ALCOOL – C’est doucement en train de devenir un rituel. Depuis 2018 en France, le mois de janvier est celui du Dry January, ou « défi de janvier : un mois sans alcool, avec pour objectif d’encourager à faire une pause et reprendre le contrôle de sa consommation. Une opération qui rencontre un public un peu plus large chaque année. En 2023, un tiers des Français envisageait de participer au Dry January dont 50 % des 18-35 ans, selon l’IFOP.

Cette popularité grandissante s’accompagne de variantes : Veganuary, qui encourage à passer un mois sans manger de produits issus des animaux par exemple, ou encore « Janvier humide ». Ce « janvier humide » est proposé comme une alternative à la sobriété complète : il consiste à boire de l’alcool moins souvent, ou en moins grande quantité pendant 31 jours.

Une recommandation qui aurait plus d’utilité pour les producteurs d’alcool que pour la santé des usagers selon Bernard Basset et Amine Benyamina, médecins et addictologues interrogés par Le HuffPost.

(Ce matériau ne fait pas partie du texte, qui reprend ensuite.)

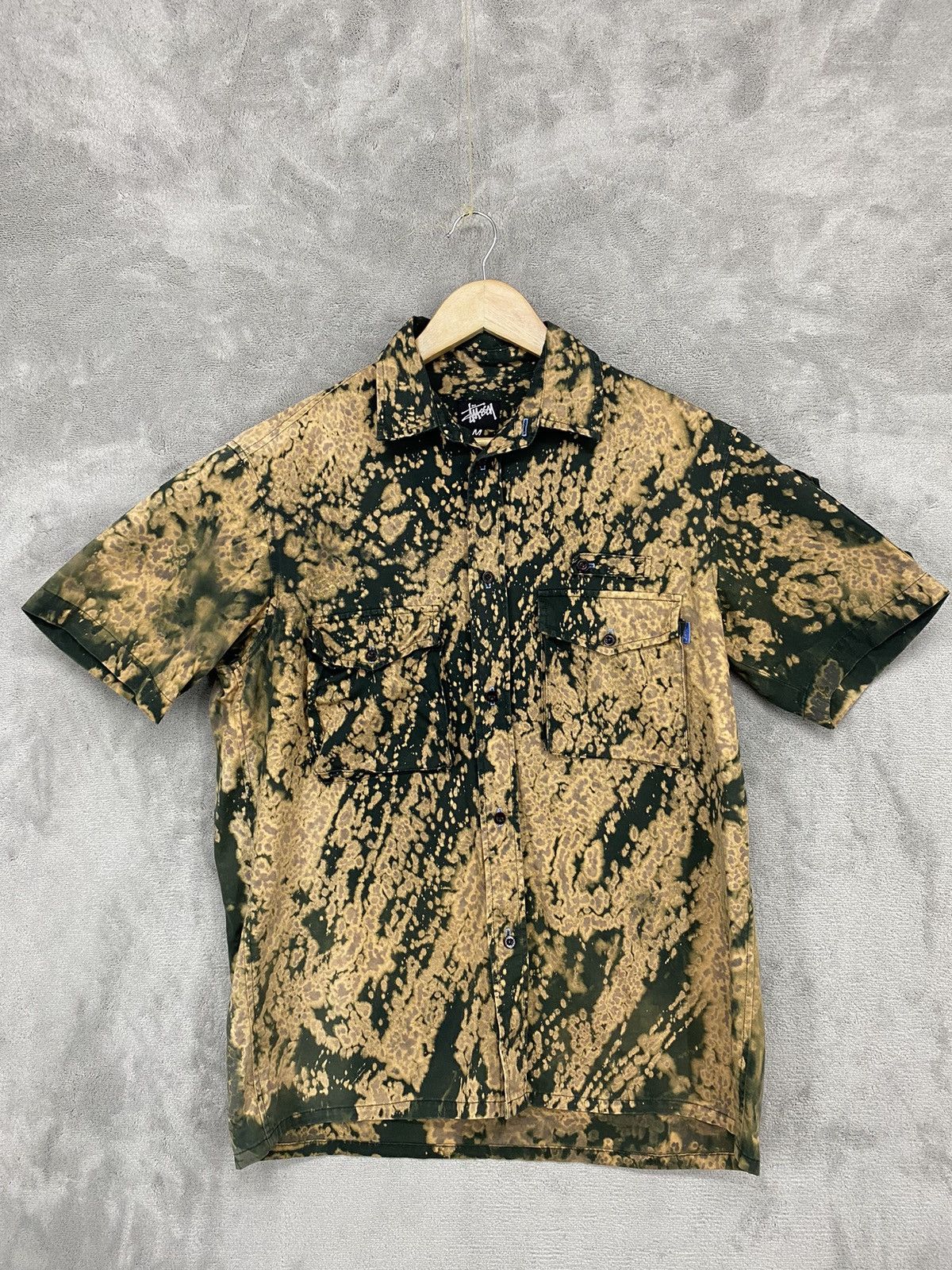 Stussy RARE STUSSY TIE DYE MAN SHIRT BUTTON Size US M / EU 48-50 / 2 - 1 Thumbnail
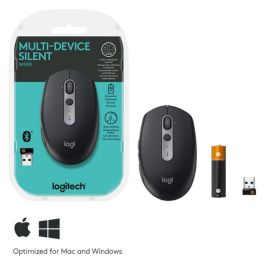 Logitech M590 Ratón Inalámbrico Multi-Device Silent Óptico Bluetooth Grafito para PC/portátil Oficina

« Damp January est soutenu par le lobby de l’alcool »

En France, où les boissons alcoolisées font partie intégrante de la vie sociale (22 % de la population déclare d’ailleurs boire trop souvent pour sa santé), le défi de janvier peut soulever quelques résistances. Les campagnes pour le mois sans alcool ne sont d’ailleurs jamais portées par des institutions gouvernementales, malgré les demandes de soutien des associations et des professionnels de santé. Comme le révélait une enquête de Ouest-France début 2023, certaines campagnes institutionnelles auraient même été annulées sous l’impulsion de la filière viticole française.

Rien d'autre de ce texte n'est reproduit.